It's been a long time since my last post here! I've reached a major milestone yesterday so it's time for me to write about it. I've spent most of the last weeks developing, re-developing, and developing again. Not for the blog, not for my research (at least not directly) but in order to create tools (and I hope quality tools), as tools are definitely required to build big things on solid foundations. This post is therefore also a public announcement: these tools are available as open source libraries (MIT license).
It has always been hard for me to decide when it is the time to release: new code may present bugs, insufficient test coverage or documentation, experimental ideas or features (this code is written by researchers and our job is to experiment with things: even if the code is considered stable, the ideas it implements really can be experimental). This time, I've decided not to be too shy and to release anyway. The code is now there and it can be used, that's an important achievement.
I've chosen to release three Ruby libraries that are not too experimental and are stable enough to be shared. Here are they:
If you have read previous posts, you have already heard a bit about wlang. Instead of first writing in detail about it, I've decided to spend time implementing a stable reference implementation. Two versions are available online: a first stable version tagged 0.7.0 and the trunk version we (my brother and I) are still working on.
It's hard to explain exactly what wlang is but here is the rule: if you have to generate text (html, code, plain text, documentation, templated mails, or whatever else) by injecting data inside templates, wlang is for you! It has been carefully designed to be simple to use, powerful and extensible. The API documentation for the reference implementation (in Ruby) can be browsed here. Probably more useful, the reference card explains you everything you need to know.
We are still working actively on wlang and plan to release a first 1.0 milestone release in the next few weeks, with a lot of additional examples.

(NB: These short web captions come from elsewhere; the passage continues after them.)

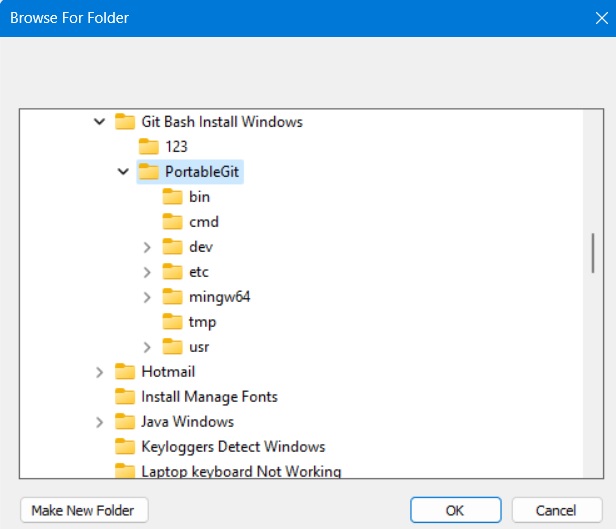Portable Git folder location in Windows.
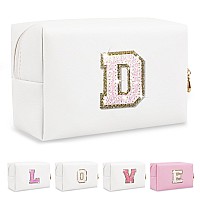 Small Initial Patch Makeup Bag Personalized Gifts Make Up Bag White Cute Pu Leather Glitter Letter Cosmetic Bag With Zipper Tren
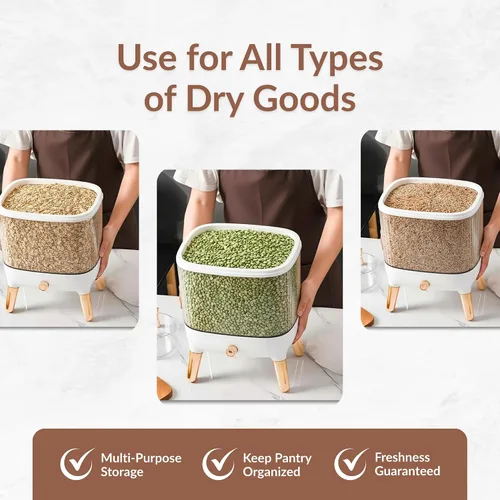 Miniatura 7 de FromUS2U - Recipiente de arroz, dispensador hermético de granos de 25 libras, dispensador de cereales grande para cocina, contenedor de alimentos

This library is born from a long history of research and interests, spanning years, that resulted from one simple realisation: I've always been bored by classical parser generators. Writing your grammar is often a nightmare! I've been introduced to Parsing Expression Grammars (PEG) three years ago. In my opinion, PEG is a much simpler and intuitive methodology than other parsing techniques so I've started a Java project a long time ago based on Rats!. This project was however way too experimental, not sufficiently tested nor documented and therefore it will never be released as a public library.
Even if I use Ruby a lot today, I'm of course facing the same needs as before (my research hasn't changed because of a language shift). I was missing my PEG parsing tools in Ruby so I've started looking at people sharing this concern. Treetop is a PEG parser generator for Ruby that I strongly recommend: first, it is PEG parsing; secondly, the language used to write grammars is clean and simple; thirdly, it is in Ruby, leading to powerful mechanisms around your parser.
As you know, I'm a never happy guy: your parser generates a purely syntactic tree, and everything (each space, parenthesis, bracket, carriage return, comment, etc.) becomes a tree node. Nothing important in Treetop's common thinking: you can embed ruby code in your grammar definition and ignore those nodes. Personally, I don't like embedding code in my grammar: it makes it usable for Ruby only (otherwise it can be seen as a language-independent grammar definition). Moreover, you always need tools for the semantic phase: convert strings to another data types (integers, booleans, ...), perform semantic checks (no two variables with the same name), parse other files (include, require, import exist in almost all languages), etc. At the end, you would like to use your tree to generate text or code in a specific language, digesting objects, etc. Last but not least this whole process, while involving somewhat big developments, is also a really small milestone from the point of view of the software to build (in other words, building semantical information from raw data is rarely a high level or strategic goal in your development).
Anagram is born from the lack of supporting tools for these hard (and a bit boring) tasks. It comes with a parser generator (same grammar format as Treetop), AST abstractions and rewriting tools, and can be used in conjunction with wlang to generate code. The online version is still experimental but accurately depicts the picture: the code to generate a parser from your grammar file has less than 200 lines of code, thanks to rewriting tools and wlang.
Much more anecdotal, I've created a repository of utility classes that are useful in different projects. This first version contains only one class (a powerful composite Interval implementation) that a research team-mate would like to reuse (or inspire himself from). Many other classes will also be extracted from specific projects and stored in this repository instead. The rule for this project is simple: classes are self-contained (no intra/extra dependencies), well tested and documented. I will probably not create a gem for this project: pick up the classes you are interested in, copy them in your own codebase but please keep the licence header.
Enjoy those libraries!